━━ Data below ━━
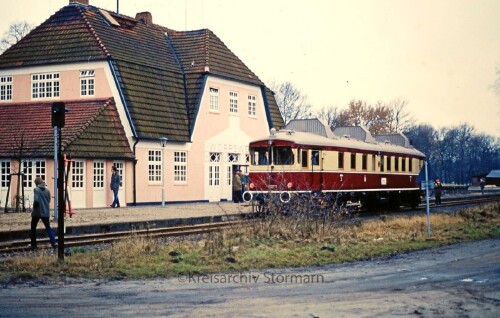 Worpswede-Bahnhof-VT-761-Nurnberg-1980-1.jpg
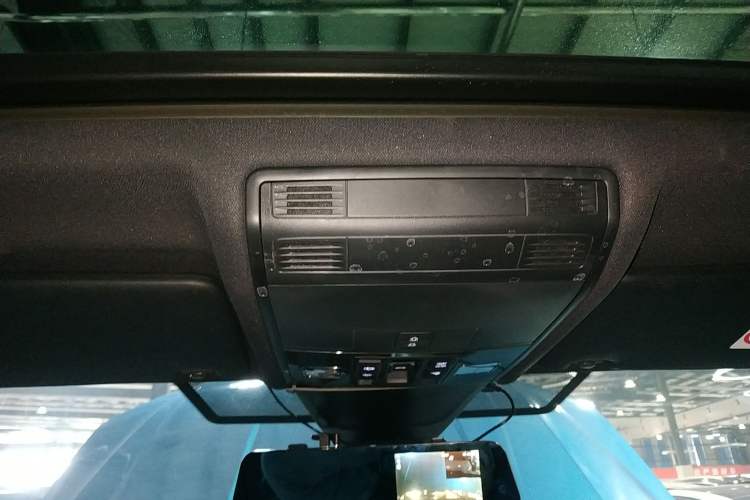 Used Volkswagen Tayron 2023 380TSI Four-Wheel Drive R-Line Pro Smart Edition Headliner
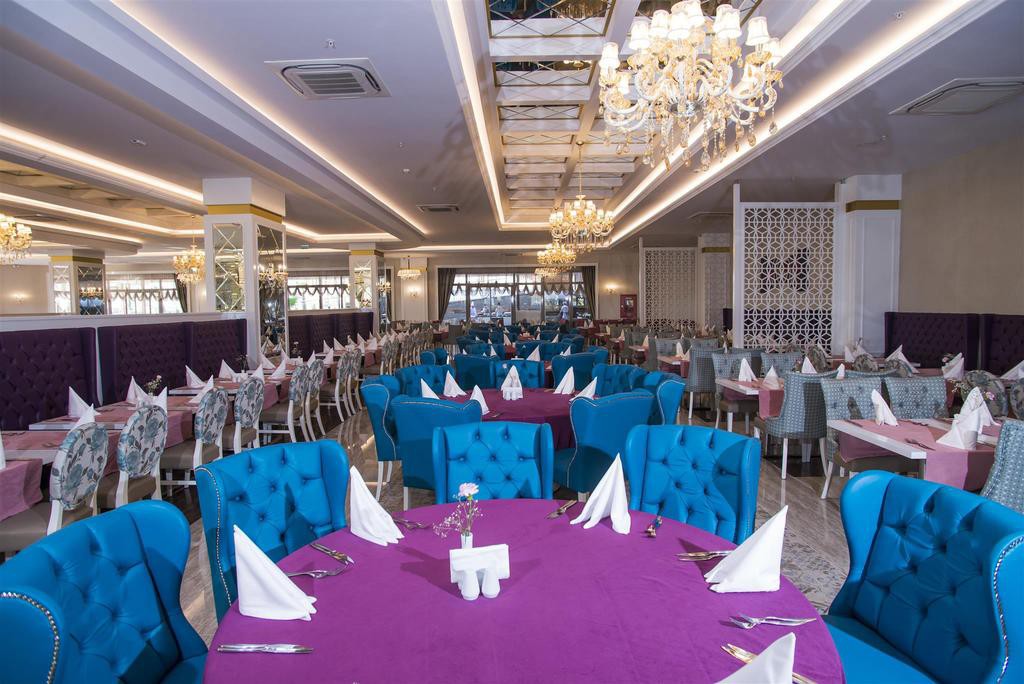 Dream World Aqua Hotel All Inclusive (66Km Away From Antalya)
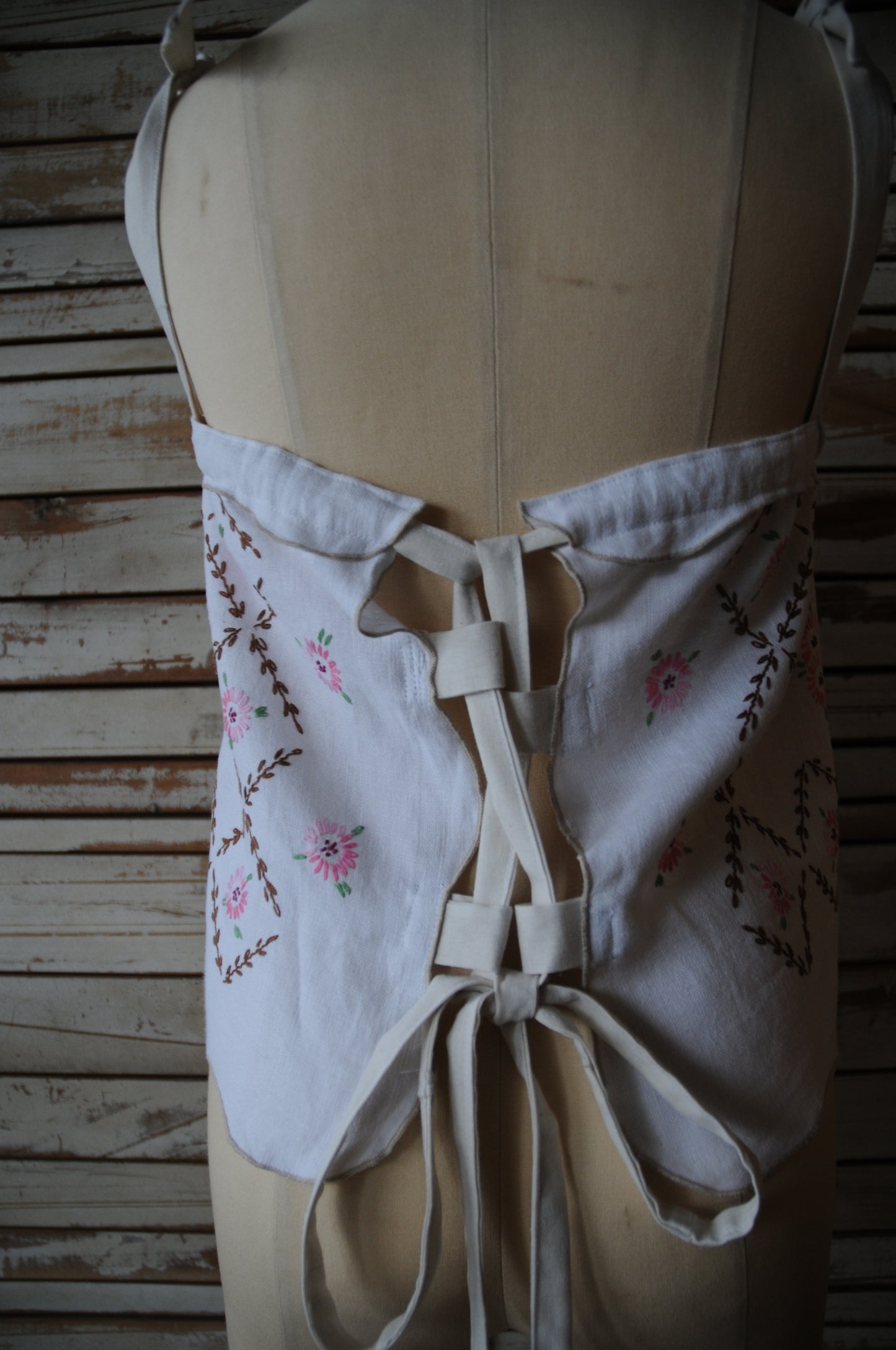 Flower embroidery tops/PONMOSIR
━━━
- **Goal of the exercise**: Return the listing above in full and without alteration, excluding its pictures.

- **Solved exercise**:
 Worpswede-Bahnhof-VT-761-Nurnberg-1980-1.jpg
 Used Volkswagen Tayron 2023 380TSI Four-Wheel Drive R-Line Pro Smart Edition Headliner
 Dream World Aqua Hotel All Inclusive (66Km Away From Antalya)
 Flower embroidery tops/PONMOSIR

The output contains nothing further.